Et encore un mod qui a attendu noël pour sortir. Je vous jure, tous incapables de sortir sans ma mère... Le cas est un peu particulier, car il s'agit d'un mod Crysis, et je ne possède pas ce dernier. Pire encore, je n'ai jamais joué à Mechwarrior, alors qu'il s'inspire ouvertement de cette série. En revanche, j'ai joué à Power Rangers sur Megadrive, mais vous vous en foutez.
 Ce n'est pas le cas de plusieurs canards sur notre forum, qui ont ouvert un sujet sur ce mod (non, pas Power Rangers...). Grâce à MetalDestroyer, véritable attaché de presse de MechWarrior Living Legends, vous pouvez vous gaver de vidéos, d'instructions, et d'aides de jeu dans le premier post du topic. Pour la peine, une vidéo in-game enregistrée par MetalDestroyer, oui, encore.

Voir la news (3 images, 1 vidéo )

----------


## alx

C'est un bel hommage aux bons vieux Mechwarrior bien 'arcore, et le boulot abattu est impressionnant.

Par contre c'est une vraie beta : y'a qu'un mode de jeu et ça plante sauvagement assez régulièrement.

Mais bon... gros robots. J'ai toujours aimé dire ça : "gros robot". Gros robot gros robot gros robot.

----------


## half

Waaaa Mechwarrior, tein dans la video de MetalDestroyer je ressentirai presque les impression de mechwarrior 2. J'avais acheté mon premier joystick pour ce jeu, je pilotais le tron au joystick avec en plus une manette des gaz, a la souris je changais l'axe du cockpit et puis au clavier les divers changemet d'arme and co.

On retrouve les mecanisme du jeux avec les degats localiser par module nous obligeant de changer d'axe de rotation si notre bras ou jambe est trop endomagé. Mais je doute que comme dans M2 l'on doive detruire les jambes pour recuperer en fin de mission de nouveaux cokpit de nouveau robot...
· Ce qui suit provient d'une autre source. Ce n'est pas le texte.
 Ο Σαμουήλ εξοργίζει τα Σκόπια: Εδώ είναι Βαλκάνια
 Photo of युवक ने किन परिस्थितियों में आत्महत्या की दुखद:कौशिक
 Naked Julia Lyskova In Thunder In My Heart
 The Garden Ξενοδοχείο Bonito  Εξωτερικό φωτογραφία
Tien j'ai presque envie d'y rejouer !

----------


## MetalDestroyer

Les mécanismes de jeu de MWLL est identique à MechWarrior 2/4 à l'exception du salvage, de la customisation des BattleMechs (tonnage, armure, armes). MAIS, les prochaines Beta nous permettront de modifier l'armement.

----------


## Zevka

Et y a des nouvelles de la distribution gratuite prévue de Mechwarrior 4 ? (http://battletech.catalystgamelabs.c...attletech-com/)

----------


## Nilsou

Le mods a l'air vraiment sympa, la map peut être un peu grande en comparaison de la vitesse des mech (le temps pour atteindre le champ de bataille a l'air un peu grand) mais le jeux et la baston en elle même a l'air vraiment cool.
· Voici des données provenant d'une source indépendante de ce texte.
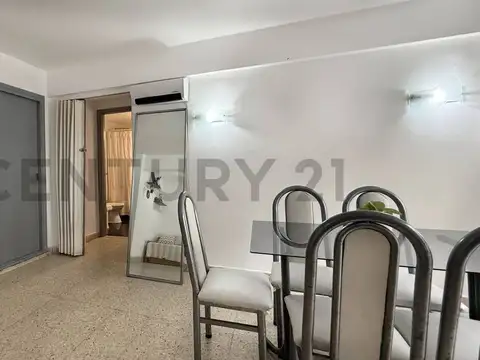 Bolivar 2100, Piso 5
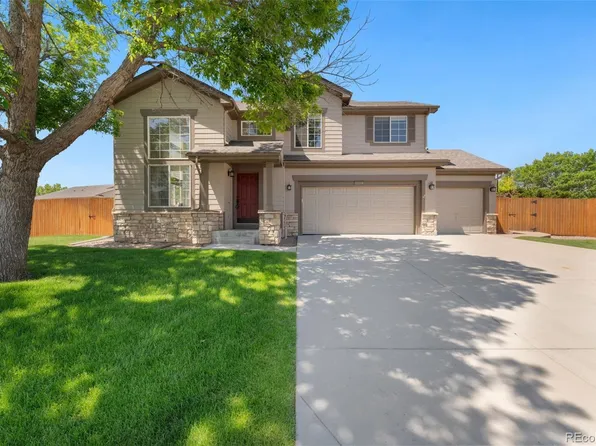 12814 Forest Circle, Thornton, CO 80241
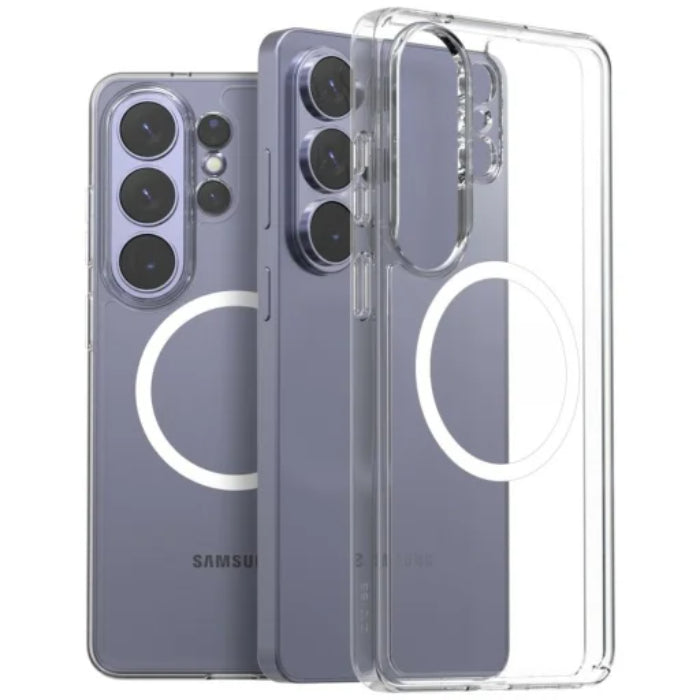 Araree Duple M Magnetic Case for Samsung Galaxy S26 Ultra (2026)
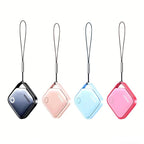 UGREEN Smart Bluetooth Tracker with 2-Year Battery for Keys & Phones - Apple Find My Compatible (iOS)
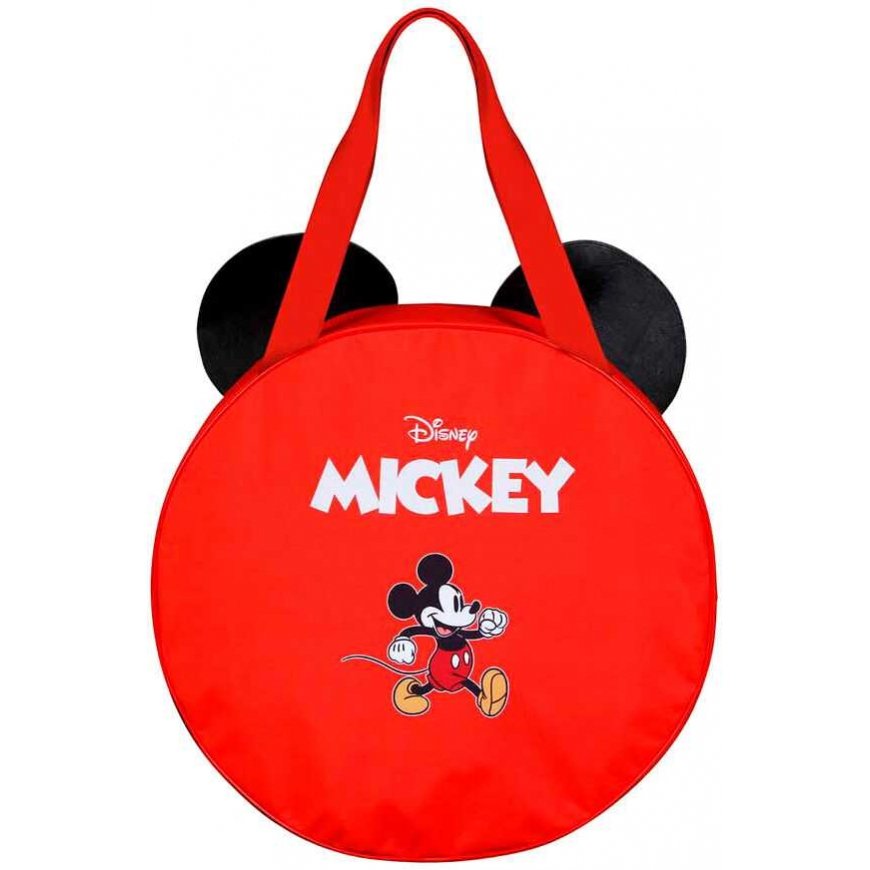 Karactermania Disney Mickey beach bag – 4
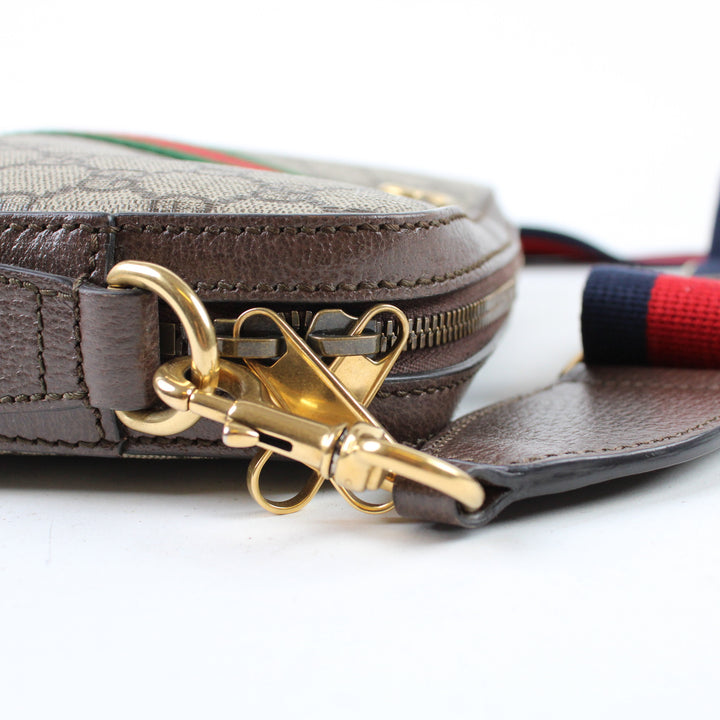 Gucci Ophidia Bora A Tracolla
Bref, un très grand potentiel je pense, mais ne pas se presser de sortir la version finale, c'est souvent les petits détails et le paufinage finale qui fait passer un grand jeu/mods du stade de "cool" à "grand classique" 

Donc mon conseils : prenez votre temps pour le finir.

edit: glup le mod fait 1.4 Go.... ha ouais , ya du boulot d'abattu en effet.

----------


## nephyl

Vraiment un mod magnifique. Il reste plein de chose à régler mais c'est déjà un régal.

----------


## Warzlouf

Le moteur de Crysis est fabuleux, et ce mod va peut-être ma faire réinstaller ce jeu que j'ai fini depuis belles lurettes.

----------


## Ornithorix

Je vais attendre la prochaine version. J'arrete pas d'avoir des plantages-ecran bleu-reboot en pleine partie ou quand je quitte ::|:

----------


## afterburner

Putain Mechwarrior, que de souvenirs avec le 3 et 4e opus, a bord de mon Shadowcat hypergonflé a la téstostérone...De supers souvenirs, le mod a l'air de vachement bien retranscrire le feeling des jeux!

----------


## half

Mais sans la customisation ca doit etre un peu moins interessant...

----------


## Mouflon

Il est super ce mod, j'y avais passé quelques bonnes heures l'année dernière.
Je voulais m'y remettre mais dans la version actuelle il y a un système de mappage des touches qui marche pas chez moué: 
J'ai beau configurer, sauvegarder le profil, faire tout bien comme il faut , je suis toujours obligé d'avancer avec "w" au lieu de "z" ce qui est bien relou.

Quelqu'un a réussi à y configurer son clavier? Il serait prêt à me dire comment qu'il a fait?

Edit:  :tired:  Mouais, je sais pas ce que ce sujet fait dans cette sous section du forum, je vais voir ailleurs...

----------